Al promediar la década del 30, a pesar del éxito y la fama alcanzados (tres premios Pulitzer y nada menos que el Nobel en 1936), de ser un autor con ganancias millonarias, O’Neill se fue convirtiendo de a poco en el terror del ambiente teatral neoyorquino, debido a su compulsión por probar cuanta nueva teoría teatral apareciera en el horizonte. Las máscaras de Oskar Schlemmer, la Bauhaus, los actores-marionetas de Meyerhold, el psicoanálisis, el budismo, el futurismo, las concepciones espaciales de Gordon Craig y Adolphe Appia, todo le parecía digno de explorar, aún cuando la realidad escenográfica de entonces lo hiciera casi imposible. Para peor, esa tendencia a la desmesura coincidió con el derrumbe de la Bolsa de Nueva York y el comienzo de la Gran Depresión, por lo que la fortuna de O’Neill comenzó a declinar y durante doce años, entre 1934 y 1946, no se representó ninguna de sus obras en los Estados Unidos.

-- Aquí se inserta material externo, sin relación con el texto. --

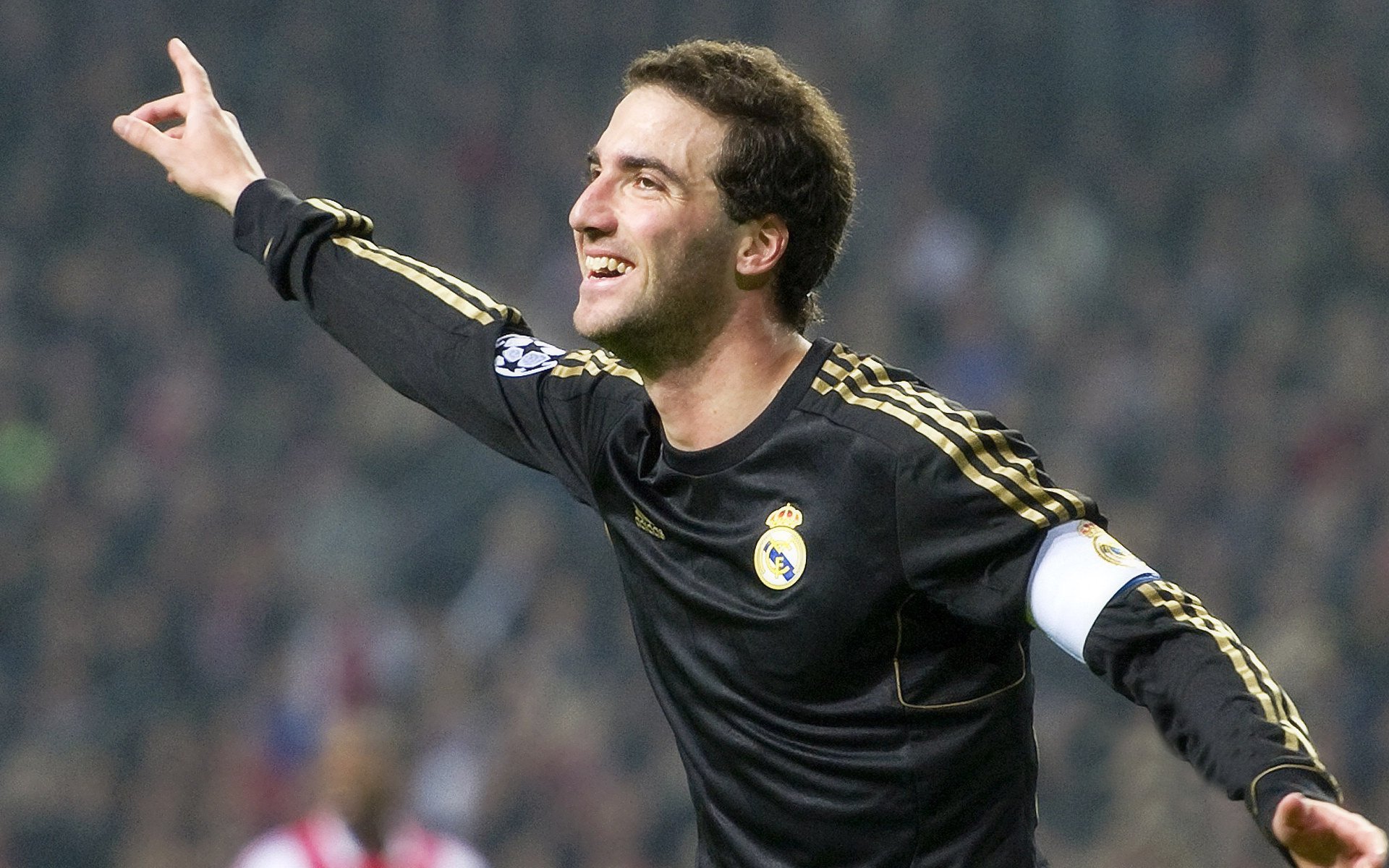 卡瓦哈尔完成里程碑之夜，马里锋刃斩落安哥拉挺进八强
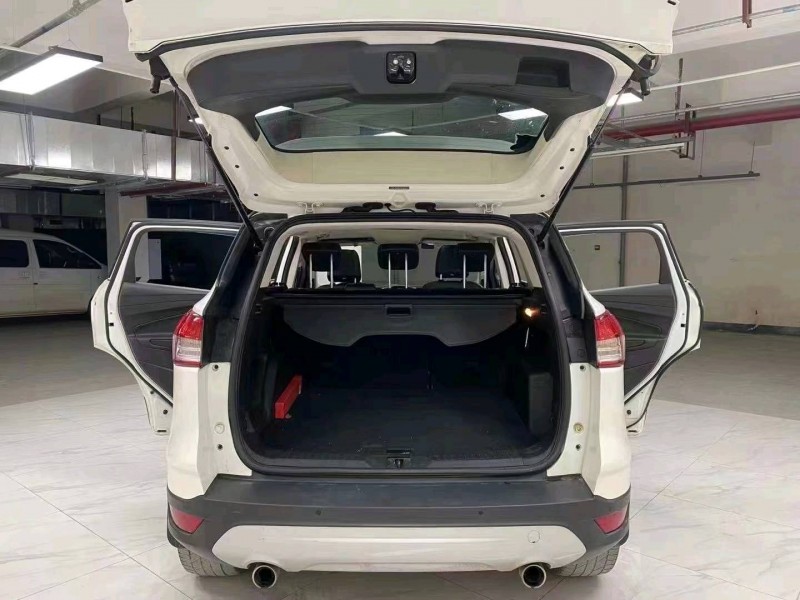 成都14年福特翼虎7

Curiosamente, cuando el autor dejó de lado las aspiraciones grandilocuentes y abandonó su empeño desmedido por crear “La Gran Tragedia de la Nación Norteamericana” para enfrentarse a los espectros de su doloroso pasado familiar, Eugene O’Neill construyó su obra de mayor aliento trágico. Con Viaje de un largo día hacia la noche fundó finalmente un nuevo teatro americano en base a la fuerza dramática de su propia conciencia torturada.
Los constantes problemas de salud derivados del alcoholismo y del Parkinson le impidieron escribir en sus últimos años de vida y lo llevaron a la muerte, ocurrida en una habitación del hotel Shelton de Boston en 1953. Quien había confesado amar la vida “porque es hermosa aún en su fealdad”, usó sus últimas palabras para señalar la curiosidad de haberla terminado tal como la había empezado: en la habitación de un hotel.